Everything in the listing below has to be repeated exactly, except the pictures.

━━━━━ RECORDED INFORMATION ━━━━━

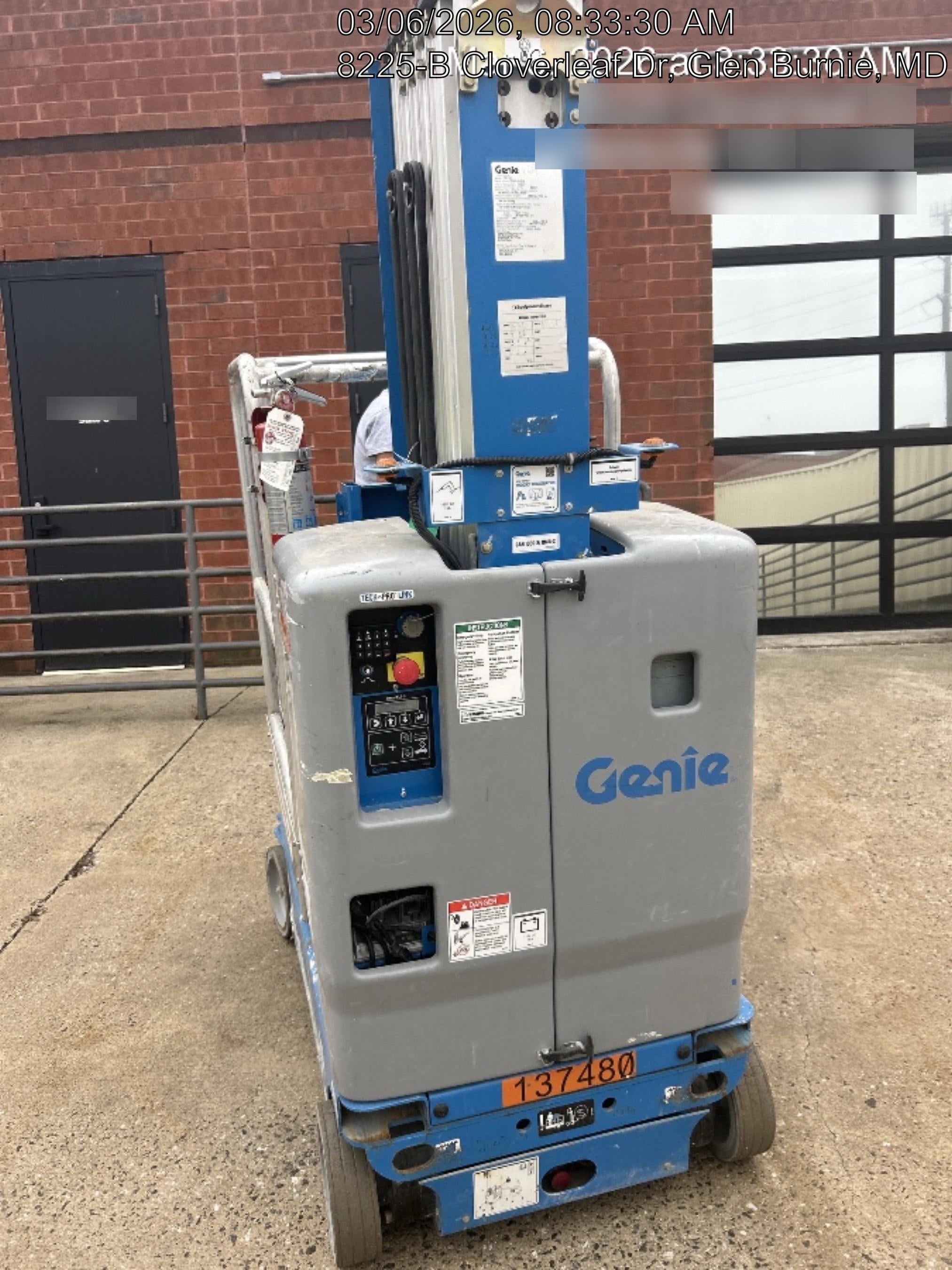 2021 GENIE GR-20
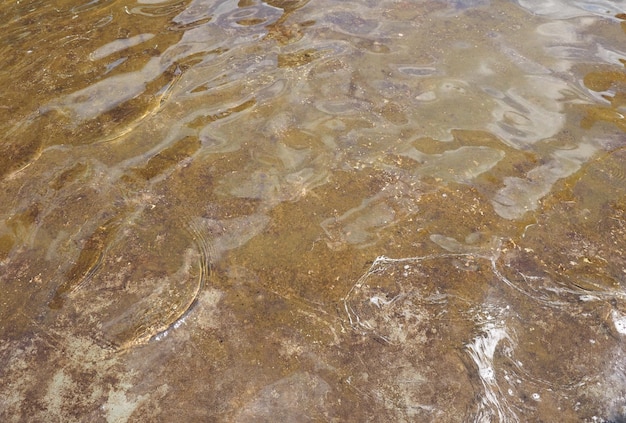 Fondo de textura de agua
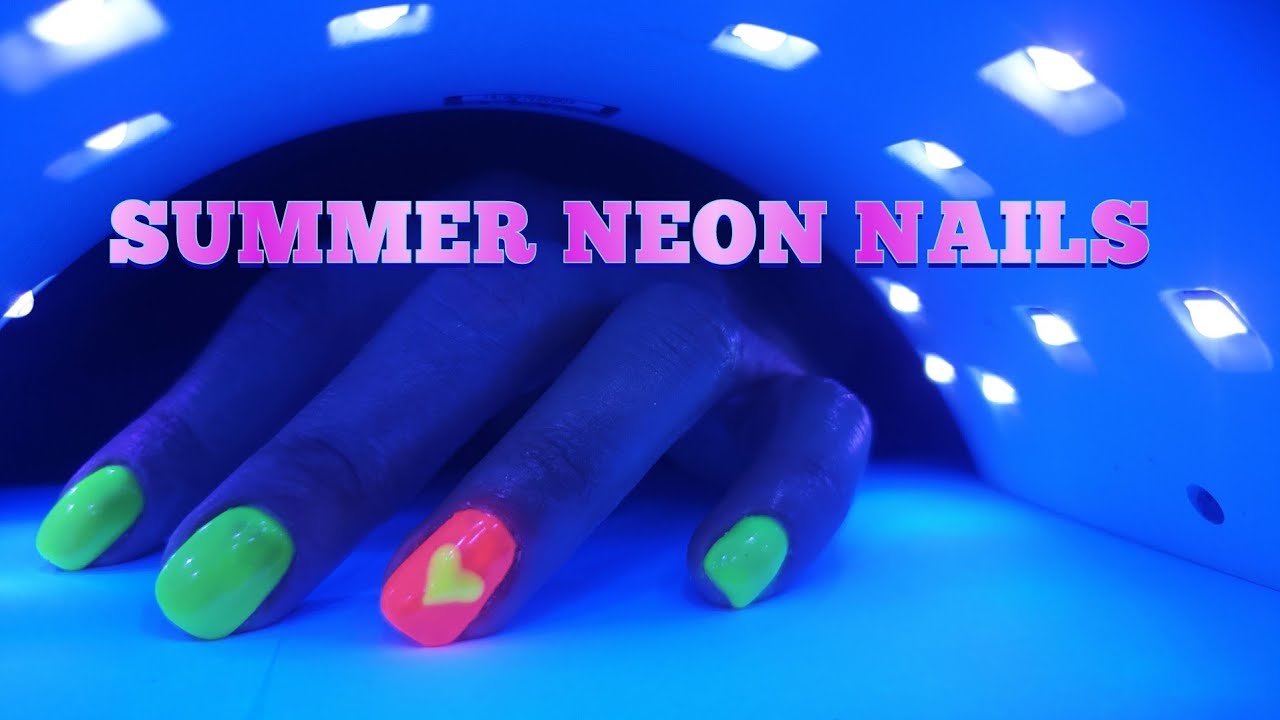 #NeonNails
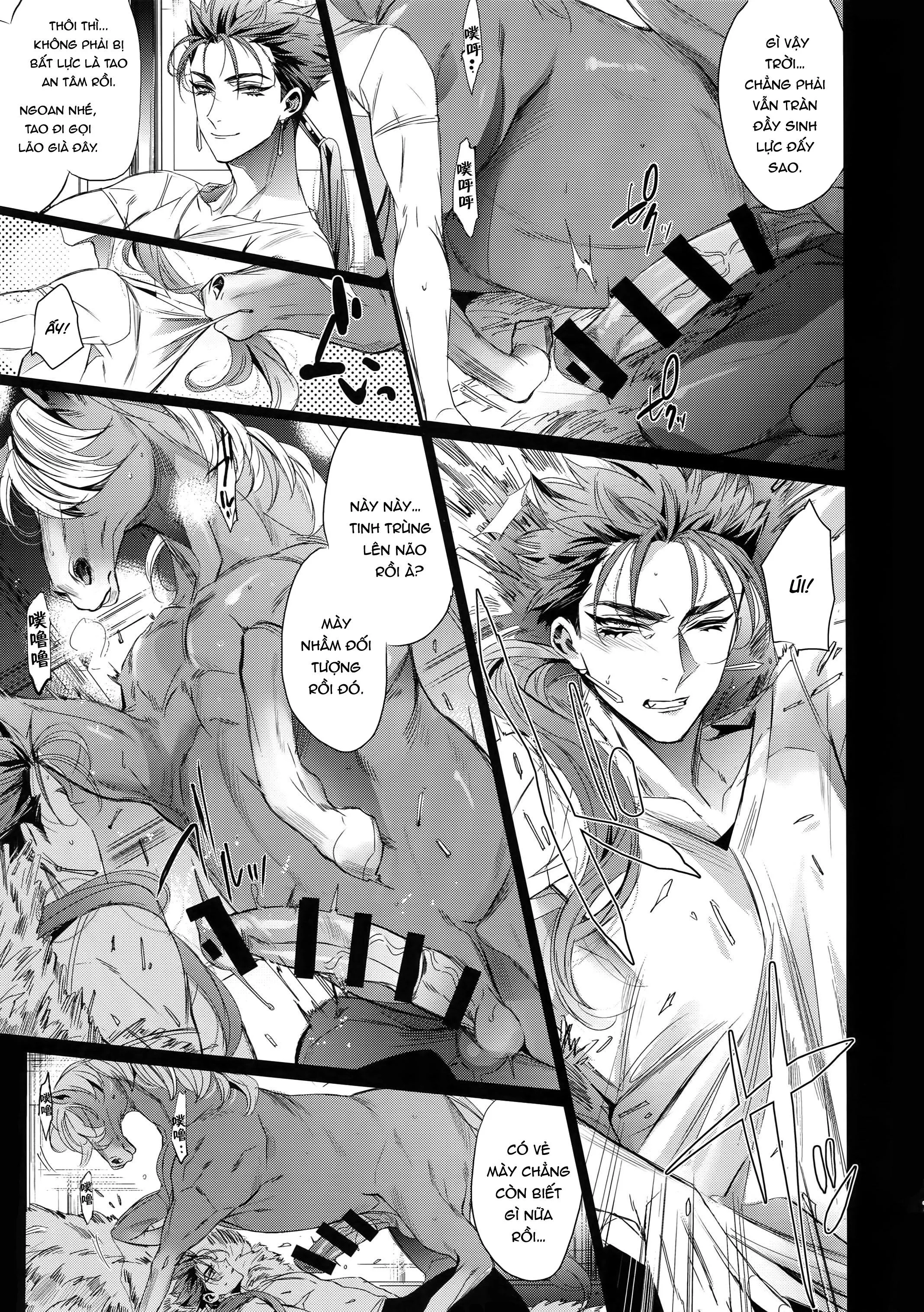 Tổng hợp Oneshot Mặn Mòi Chapter 16 Trang 5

━━━━━

● **ANSWER SECTION**:
 2021 GENIE GR-20
 Fondo de textura de agua
 #NeonNails
 Tổng hợp Oneshot Mặn Mòi Chapter 16 Trang 5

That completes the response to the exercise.